TRIPPE: Right. That’s right. (laughter) Buy them, please. So we have this new digital-only offering for the first time. And what we found was that we literally couldn’t place the order. There was no way in the warehouse system to say I’m shipping this digital book. It took us a couple of weeks of real sort of head scratching and, you know, really thoughtful analysis on the part of a couple of the programmers to figure out how to make this work. And I’m sure we’re not alone on this. Maybe a bigger publisher probably encountered this five or seven years ago. We encountered this in the last few weeks. So I had brown hair a few weeks ago. (laughter)

KENNEALLY: And I guess that’s why, although you say you’re still a fanboy of MIT and MIT Press, there’s a lot of pain involved. And the other point that was a thread for people was sustainability and, as much as MIT is committed to open access, how are you facing that particular challenge right now?

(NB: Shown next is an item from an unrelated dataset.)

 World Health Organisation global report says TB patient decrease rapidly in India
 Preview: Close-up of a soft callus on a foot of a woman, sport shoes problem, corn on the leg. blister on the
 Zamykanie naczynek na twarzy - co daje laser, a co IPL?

Is it an inevitable future for you as well that we’ll see full open access?

TRIPPE: That’s really hard to tell. I mean I was really intrigued with Judy Luther’s presentation, because open access on the book side is much newer, and we tilt about 80% books to 20% journals. So I think the business models are much more mature for journals. So I think it’s a very open question how this will play out for books. But I think, at this point, our position is sort of an and-and is, I guess, the way people refer to it. We work with many partners. And we’re doing a lot of different experiments, so.

KENNEALLY: Yeah. Well, one experiment, October Ivins, that some librarians have is regarding copyright – can I put it that way? They have views of copyright that may not jive with what would be for an attorney at an IP law firm. And I wonder how you view all of that, for example, when it comes to fair use. Is there a particularly aggressive stance that’s being taken right now? And is that coming from a conception of copyright that goes back to the past?

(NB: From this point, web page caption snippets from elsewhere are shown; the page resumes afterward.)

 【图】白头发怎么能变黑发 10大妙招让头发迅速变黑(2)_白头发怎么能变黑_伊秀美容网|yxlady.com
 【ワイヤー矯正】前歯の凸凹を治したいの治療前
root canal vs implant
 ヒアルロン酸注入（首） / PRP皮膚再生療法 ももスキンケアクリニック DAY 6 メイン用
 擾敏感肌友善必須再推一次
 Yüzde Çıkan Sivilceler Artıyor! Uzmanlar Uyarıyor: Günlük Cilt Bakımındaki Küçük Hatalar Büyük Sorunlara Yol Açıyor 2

IVINS: Fair use is really important to libraries. It’s kind of what allows libraries to exist. And libraries and librarians see themselves as really central to democracy. We buy individual copies that can then be shared with people who couldn’t afford to buy them. That’s what libraries are about. When I say it’s a service profession, everything that librarians do is to get the right content to the right user. So it matters a lot to them. And there is pushback in the library world about licenses overriding law, so people are being encouraged not to sign a content license that makes you give up your fair use rights.

Librarians are being counseled on how to avoid opting into the Digital Millennium Copyright law, that it actually gives you a choice. If you choose to comply, if you want the protections of the DMLA, you have to do these things. If you don’t want those protections, if you’re happy with how you interpret fair use, you don’t have to do that, you can take another course. So I gave you the reference to the ARL best practices for fair use. And I think the library position is quite different.

One of the other hats I wear, I’m a longtime active member of the Society for Scholarly Publishing, which is sort of – we used to say sister organization, now we’re say affiliated organization with NFAIS, which is because it’s also made up of librarians, publishers, vendors, different content providers. And SSP is very careful to stay neutral, whereas other publishing organizations, like PSP and ALPSP, are lobbying organizations and try to get legislation changed, because the librarian members in SSP are very sensitive to the interpretation of fair use that’s put forward by the CCC.

KENNEALLY: Well, I think I would say this about that, that there is a certain need for balance. And so I wanted to turn to Britt Mueller on that, because you see it from really a different perspective. You share a lot of things here, but in the corporate world there are some different concerns and a different approach to that. And you’ve told me that the kinds of licensing negotiations that you get into are really an important part of your job now.

MUELLER: Oh, yeah. It’s critical. So where we license our content – there’s no fair use in a corporate arena, essentially, so let’s just –

KENNEALLY: Let’s just put that on the table.

MUELLER: Yeah, let’s just understand that. And the CCC helps us quite a bit with this process. But essentially, when we want access to that content, we’re buying it. And we are an IP company ourselves. So we are very strict in making sure that we adhere very closely to those license agreements. Our contracts with our vendors are extensive, and they lay out the rights on both sides.

What I was talking about in terms of – what I was mentioning in terms of how we’re licensing going forward is we’re working in those access rights to the contracts so that we can essentially open up that content without having to seek permissions after the fact. We want most of our permissions to be understood in the contract, so that we can go out without having to go back into a lot of back-end work to say do we have permission to do this, do we have permission to do this? And so vendors who work with us to say, yes, let’s distribute this content.

An interesting point for us for e-books – we decided not to go with aggregators. And the reason we don’t want to go with aggregators is that we want to buy directly from publishers. We want that content. We want to own it in perpetuity. We license that for that. We want to be able to bring the content behind our firewall. We want to mine that content. And those are all things we don’t want to do without the people’s permission. We’re talking to you about how we can do that, so we can get value out of it.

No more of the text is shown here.